BOIL
Generally, a furuncle, a localized, painful swelling of the skin resulting, not from a previous wound, but from infection caused by bacteria that invade hair follicles or sweat or sebaceous glands. Beginning with a small red swelling, the boil eventually discharges some pus and, subsequently, its hard center core. At times, a number of boils develop in an affected area. A “carbuncle” is more dangerous than a furuncle, covers a larger area, sometimes produces greater pain and may be attended by such symptoms as headache, fever and prostration. It is sometimes fatal.
The Hebrew word shehhinʹ, translated “boil,” is derived from a root that probably means “to burn.” Shehhinʹ can denote a “boil,” an “eruption,” an “inflamed spot” or an “inflamed ulcer.”
At the time of Jehovah’s sixth blow against Egypt, the Egyptians and their beasts were plagued by painful “boils with blisters.” (Ex. 9:8-11) These may have been severe raised skin eruptions filled with pus, and such blisterlike pustules possibly covered a large area. However, the brief Scriptural description makes definite identification with a specific modern-day disorder impossible.
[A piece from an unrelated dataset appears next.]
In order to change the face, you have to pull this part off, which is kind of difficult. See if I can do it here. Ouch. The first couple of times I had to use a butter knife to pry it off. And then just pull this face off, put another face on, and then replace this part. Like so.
The Israelites were warned that the consequences of disobedience to God would include his striking them with the “boil of Egypt.” It was further said: “Jehovah will strike you with a malignant boil [combining Heb. shehhinʹ, “boil,” and raʽ, “malignant, noxious”] upon both knees and both legs, from which you will not be able to be healed, from the sole of your foot to the crown of your head.”—Deut. 28:15, 27, 35.
The Law indicated that a healed boil might be the place of development of a leprous eruption or blotch. In some cases, the symptoms were such that the victim was immediately declared unclean and leprous; in others, a seven-day quarantine was imposed. If it was thereafter found that the condition had not spread, it was identified merely as “the inflammation of the boil” and the priest pronounced the person clean.—Lev. 13:18-23.
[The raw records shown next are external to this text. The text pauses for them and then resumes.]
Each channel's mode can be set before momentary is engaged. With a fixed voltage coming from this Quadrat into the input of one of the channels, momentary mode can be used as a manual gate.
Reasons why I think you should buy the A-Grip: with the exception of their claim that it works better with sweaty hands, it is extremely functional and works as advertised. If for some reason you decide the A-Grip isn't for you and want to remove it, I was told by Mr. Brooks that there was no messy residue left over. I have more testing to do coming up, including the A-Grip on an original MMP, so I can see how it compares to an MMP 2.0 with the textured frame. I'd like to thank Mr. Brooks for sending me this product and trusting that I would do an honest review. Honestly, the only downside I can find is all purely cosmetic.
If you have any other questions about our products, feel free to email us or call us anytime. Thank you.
Satan struck Job “with a malignant boil [Heb., shehhinʹ raʽ] from the sole of his foot to the crown of his head.” (Job 2:7) It has often been suggested that Job was afflicted with black leprosy, or elephantiasis (so named because the victim’s swollen limbs and darkened, scabrous skin look somewhat like those of an elephant), though various other diseases have also been suggested. Among other things, the Scriptures disclose that in agony Job scraped himself with a fragment of earthenware (2:8) and that his flesh was covered with maggots, his skin formed crusts (7:5), his breath was loathsome (19:17), he was wracked with pain and his skin blackened and dropped off. (30:17, 30) Still, such symptoms do not make possible a positive identification of Job’s malady with a specific present-day disease.
King Hezekiah of Judah was afflicted with a “boil” (Heb., shehhinʹ) and “got sick to the point of dying.” At Isaiah’s suggestion, a cake of pressed dried figs was applied to the boil as a poultice, after which Hezekiah gradually revived. (2 Ki. 20:1, 7; Isa. 38:1, 21) Some have conjectured that Hezekiah had a carbuncle, which can be fatal. Since a carbuncle has been defined, in part, as “a group of adjacent furuncles” (The Merck Manual of Diagnosis and Therapy, 10th ed., p. 1438) and the Hebrew word shehhinʹ can denote an “inflamed spot” or an “eruption,” perhaps Hezekiah’s boil was of this type. Nonetheless, his recovery was due, not to natural healing alone, but to cure by Jehovah.—2 Ki. 20:5.